手続き型プログラミングは、やりたい処理を「入力→処理→出力」という手順で順番に記述していく考え方です。
流れを丁寧に設計し、意図どおりに動く小さな手続きを積み重ねることで、初心者でも安定したプログラムを書けます。
まずは考え方をつかみ、短い例で確実に身につけていきましょう。
手続き型プログラミングとは
初心者向けの意味と特徴
手続き型プログラミングとは、やるべき手順を上から順番に並べて実行する書き方のことです。
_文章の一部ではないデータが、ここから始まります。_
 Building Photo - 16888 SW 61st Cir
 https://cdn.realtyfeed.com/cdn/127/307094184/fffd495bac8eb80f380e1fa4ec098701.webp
料理のレシピのように「材料を読み取る」「混ぜる」「焼く」「盛り付ける」といった手順を書き出して、その順に処理が動きます。
特徴は、流れが追いやすく、今どの操作をしているかが明確な点です。
初心者にとって、処理を追いかけやすいことは大きな助けになります。
手続き型の基本イメージ
プログラムはデータを受け取り、計算や判断をして、結果を出します。
この一連の流れを「手続き」と考え、必要なだけ手続きを積み重ねます。
複雑なことも、簡単な手続きに分ければ理解しやすくなります。
流れ(手順)を重視する理由
流れを重視すると、思考の順番とコードの順番が一致しやすく、間違いを見つけやすくなります。
また、コンピュータは命令を上から順に実行するのが基本なので、流れに合わせて書くことは自然です。
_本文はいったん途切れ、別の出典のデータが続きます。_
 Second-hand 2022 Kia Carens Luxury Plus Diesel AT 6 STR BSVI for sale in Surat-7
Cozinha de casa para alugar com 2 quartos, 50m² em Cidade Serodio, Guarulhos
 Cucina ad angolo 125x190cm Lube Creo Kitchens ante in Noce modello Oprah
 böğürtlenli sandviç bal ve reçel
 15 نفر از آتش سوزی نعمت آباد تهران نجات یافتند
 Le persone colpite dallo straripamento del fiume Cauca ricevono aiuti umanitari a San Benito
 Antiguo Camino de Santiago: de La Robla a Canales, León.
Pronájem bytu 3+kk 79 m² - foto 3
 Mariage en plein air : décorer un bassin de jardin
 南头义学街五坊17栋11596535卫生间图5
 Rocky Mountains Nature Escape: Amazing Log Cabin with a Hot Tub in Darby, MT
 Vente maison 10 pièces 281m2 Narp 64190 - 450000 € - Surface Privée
「次に何が起きるか」が明確になることで、テストや修正もやりやすくなります。
よく使う場面
日常の自動化スクリプト、データの整形や集計、簡単なゲーム、アルゴリズムの学習などで特に力を発揮します。
例えば「ファイルを読む→必要な行だけ選ぶ→数値を合計する→結果を表示する」といった処理は手続き型が得意です。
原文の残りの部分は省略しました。